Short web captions
════

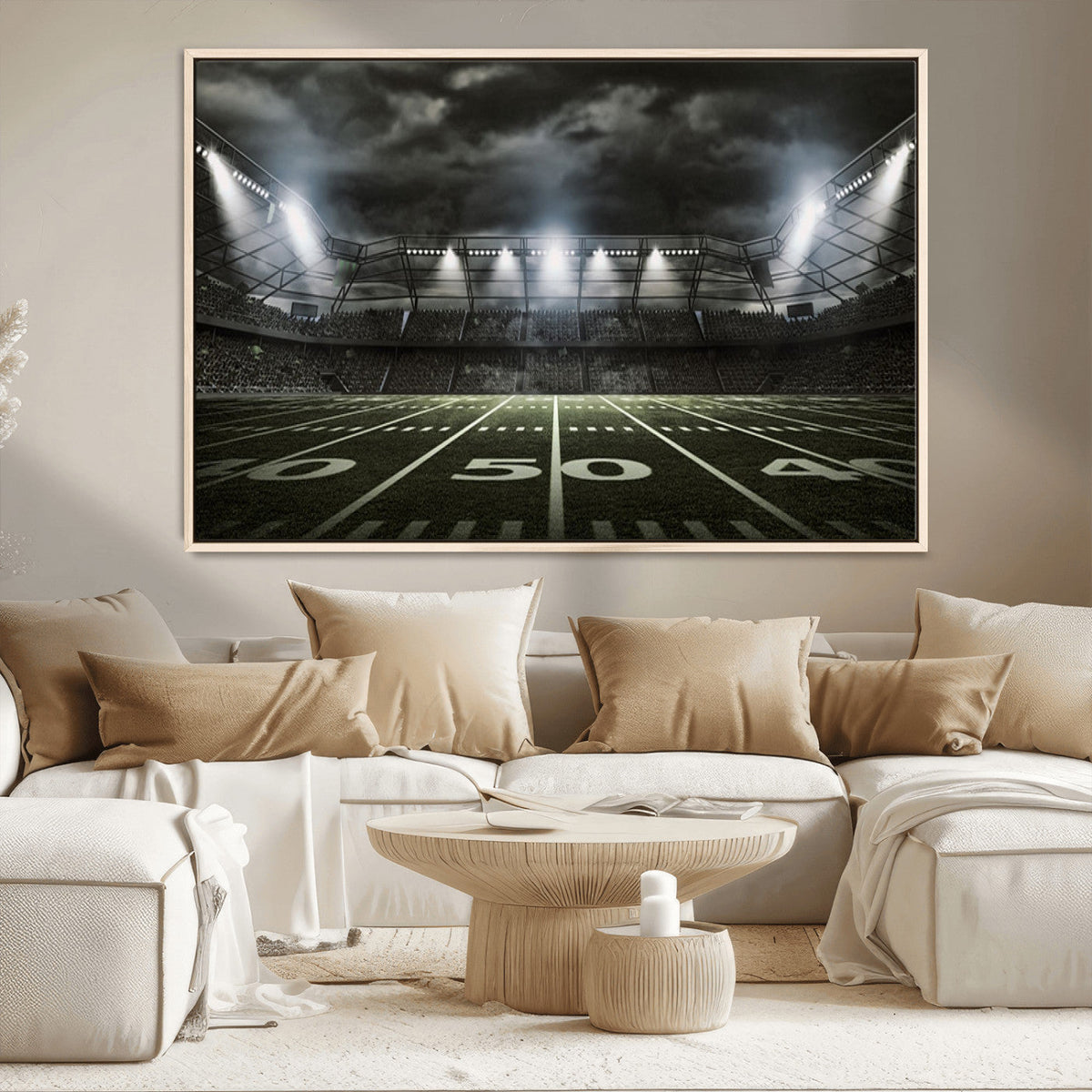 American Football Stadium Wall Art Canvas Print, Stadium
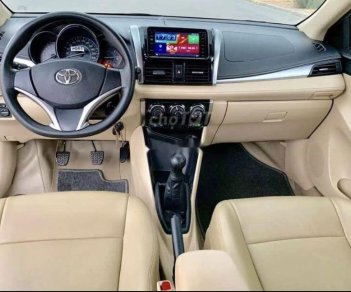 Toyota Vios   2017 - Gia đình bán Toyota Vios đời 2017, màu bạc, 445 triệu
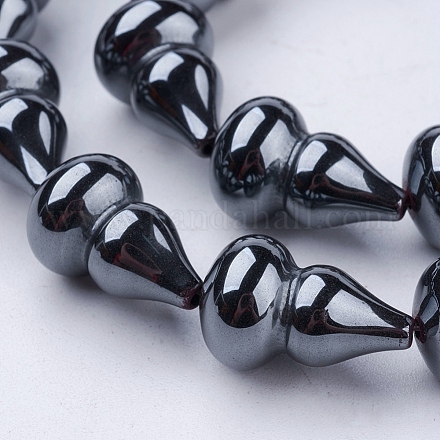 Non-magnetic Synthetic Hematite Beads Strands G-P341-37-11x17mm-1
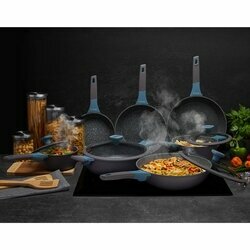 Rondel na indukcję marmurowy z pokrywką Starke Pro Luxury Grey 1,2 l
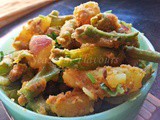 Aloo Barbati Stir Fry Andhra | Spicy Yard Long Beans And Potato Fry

════

> **WHAT THIS TASK INVOLVES**: Retype the lines from the one containing "Non-magnetic Synthetic Hematite" down to the last line of the records, both included, exactly and nothing more. Pictures stay out.

> **RESPONSE**:
 Non-magnetic Synthetic Hematite Beads Strands G-P341-37-11x17mm-1
 Rondel na indukcję marmurowy z pokrywką Starke Pro Luxury Grey 1,2 l
 Aloo Barbati Stir Fry Andhra | Spicy Yard Long Beans And Potato Fry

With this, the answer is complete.